The continuum holds the shape of the underlying stellar population of a galaxy but it does mess up our ability to measure the flux of a line properly so what we need to do is to somehow fit the broad shape of the continuum so that we can perform accurate line fitting. One technique is applying a broad window filter that will smooth out all the local bumps and wiggles to get the shape of the continuum. You will need to mess around with the optimal window as a window that is too small will reproduce emission and absorption features and we do not want that or a window that is too large will overly smooth so some trial and error is needed to get it just right. Also If you see prominant emission lines in your spectra it would be wise to mask them out (remove them) from the spectra when doing this continuum fitting. This spectra does not have any large emission features so we will just use the broad window filter

In [8]:
from scipy.signal import medfilt

In [None]:
#We need to specify window length try it out and see which window length works best 
#Note: Window length must be odd, and in this case will be quite big
window = 101
continuum_medfilt = medfilt(flux, kernel_size =int(window))

################
#If you got an error above please comment the above line and uncomment the line below
################

#continuum_medfilt = medfilt(flux.astype(float), kernel_size = int(window))

In [None]:
#plotting Spectrum
plt.figure(figsize = (12, 7))
plt.plot(wavelength, flux, alpha = 0.4)

l1, = plt.plot(wavelength, continuum_medfilt, color = 'red')

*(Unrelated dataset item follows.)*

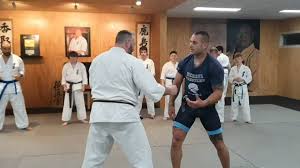 Image result for Chikara Dojo Of Kyokushin Karate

plt.xlabel(r'Wavelength [$\AA$]', fontsize = 15)
plt.ylabel(r'F$_{\lambda}$ [10$^{-17}$ erg/s/cm$^2$/$\AA$]', fontsize = 15)

plt.legend(handles = [l1], 
           labels = ['Continuum: Medfilt'], 
          fontsize = 15)
plt.ylim(-10, 20)
plt.show()

# Another Example

Let us try using our spectral analysis techniques on another galaxy. This time on a CEERS NIRSpec spectra.

In [None]:
#reading in the file
nirspec_2552 = Table.read('spectra_data1.fits')

In [None]:
#printing out the columns
nirspec_2552.columns

In [16]:
#getting the relevant data
wavelength_nirspec, flux_nirspec = nirspec_2552['WAVELENGTH'], nirspec_2552['FLUX']
wavelength_nirspec, flux_nirspec = np.array(wavelength_nirspec).astype(float), np.array(flux_nirspec).astype(float)

In [None]:
#plotting Spectrum
plt.figure(figsize = (10, 5))

plt.step(wavelength_nirspec, flux_nirspec, color = 'black', alpha = 0.5, where = 'mid')

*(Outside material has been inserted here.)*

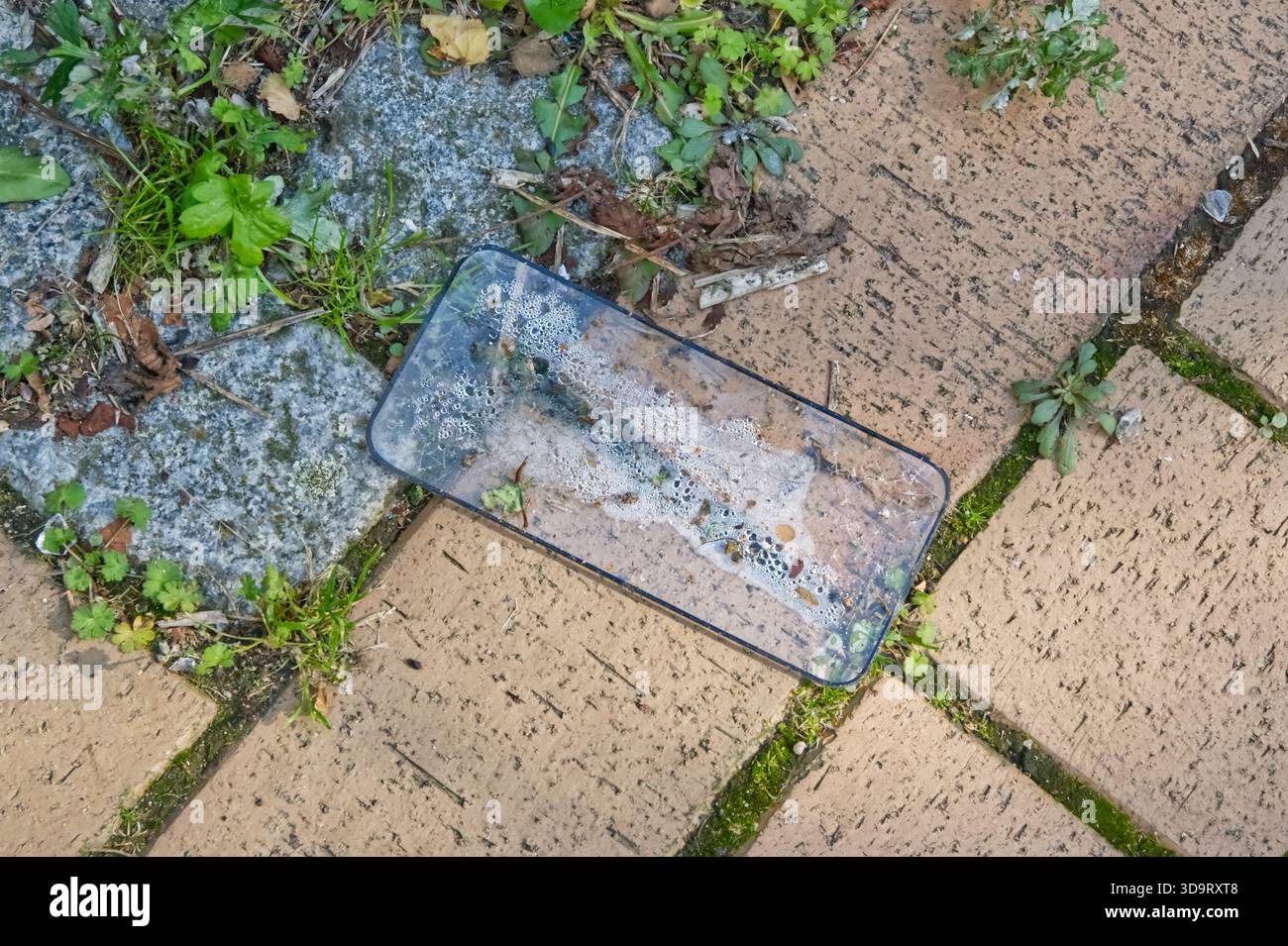 A broken smartphone Display-Glass lying on a paved surface, partially submerged in soapy water. Surrounding the phone are small patches of grass and w Stock Photo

plt.annotate(r'H$\alpha$', (2.6, 1.39e-6))

plt.xlabel(r'Wavelength [$\mu$m]', fontsize = 15)
plt.ylabel('Flux [Jy]', fontsize = 15)
plt.show()

In [18]:
#removing right-most data as that is all zeroes
wavelength_nirspec, flux_nirspec = wavelength_nirspec[:-10], flux_nirspec[:-10]

In [19]:
#emission lines to check the redshift of this source
line_names = [r'H$\beta$', '[OIII]5007', r'H$\alpha$']
line_wavelengths = np.array([4864, 5007, 6564])

In [None]:
#input your guess for a redshift here
#NOTE: The big peak is Halpha so try to match H-alpha to that (Hint: redshift is between 0 - 5)
z = 3.1

#line that redshifts the lines
redshifted_lines = ((1+z) * line_wavelengths) * u.AA.to(u.micrometer)

#plotting Spectrum
plt.figure(figsize = (12, 7))
plt.plot(wavelength_nirspec, flux_nirspec)

plt.axvline(redshifted_lines[0], color = 'black')
plt.annotate(line_names[0], (redshifted_lines[0]-0.2, 1.3e-6))
plt.axvline(redshifted_lines[1], color = 'black')
plt.annotate(line_names[1], (redshifted_lines[1]+0.01, 1.1e-6))
plt.axvline(redshifted_lines[2], color = 'black')
plt.annotate(line_names[2], (redshifted_lines[2]+0.1, 1.2e-6))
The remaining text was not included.